Exercise brief: No pictures go in the copy; retype exactly the lines from the one with "Certified 2024 BMW" through the last line of the records.

Stored items from a collection:
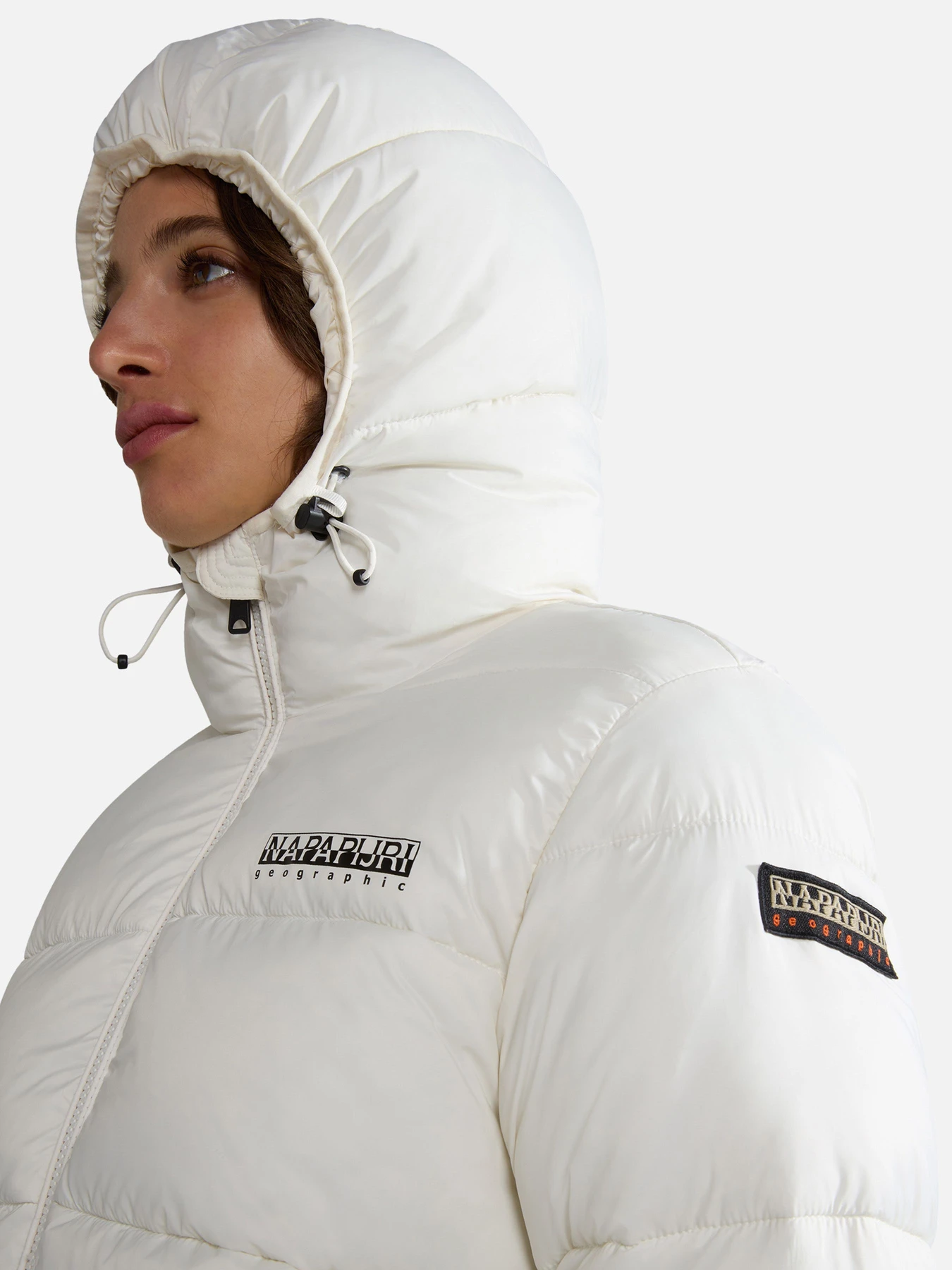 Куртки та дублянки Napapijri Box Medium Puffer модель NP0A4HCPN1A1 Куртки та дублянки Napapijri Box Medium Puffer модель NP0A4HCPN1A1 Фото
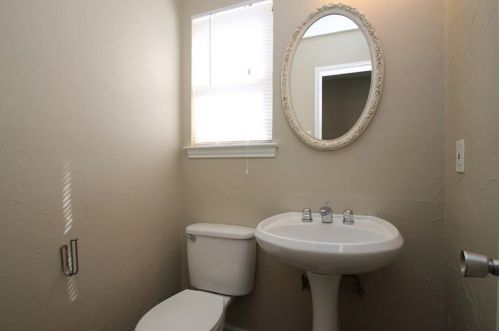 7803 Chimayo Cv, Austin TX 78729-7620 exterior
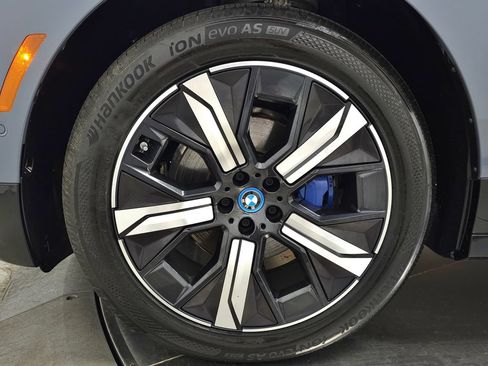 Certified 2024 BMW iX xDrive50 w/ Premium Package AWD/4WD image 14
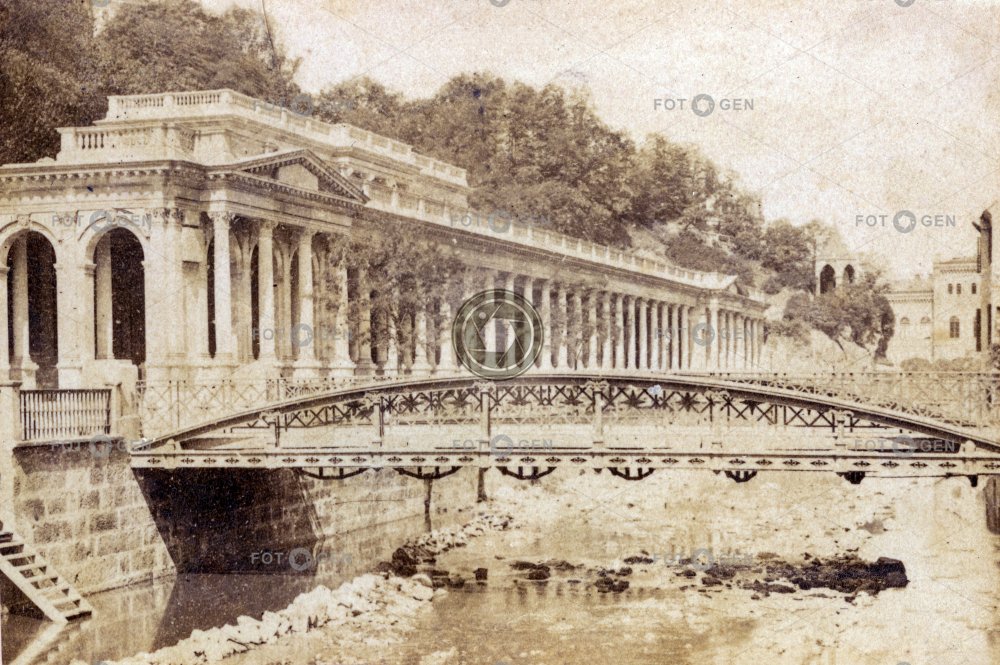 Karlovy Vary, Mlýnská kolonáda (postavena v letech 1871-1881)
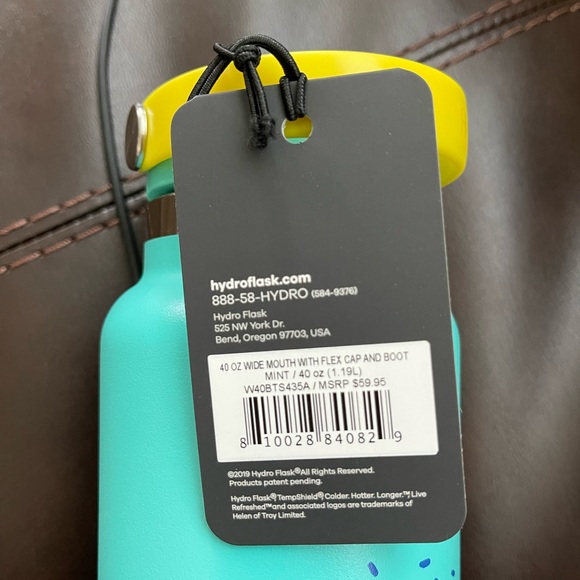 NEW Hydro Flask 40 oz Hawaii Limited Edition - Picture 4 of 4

Exercise answer:
 Certified 2024 BMW iX xDrive50 w/ Premium Package AWD/4WD image 14
 Karlovy Vary, Mlýnská kolonáda (postavena v letech 1871-1881)
 NEW Hydro Flask 40 oz Hawaii Limited Edition - Picture 4 of 4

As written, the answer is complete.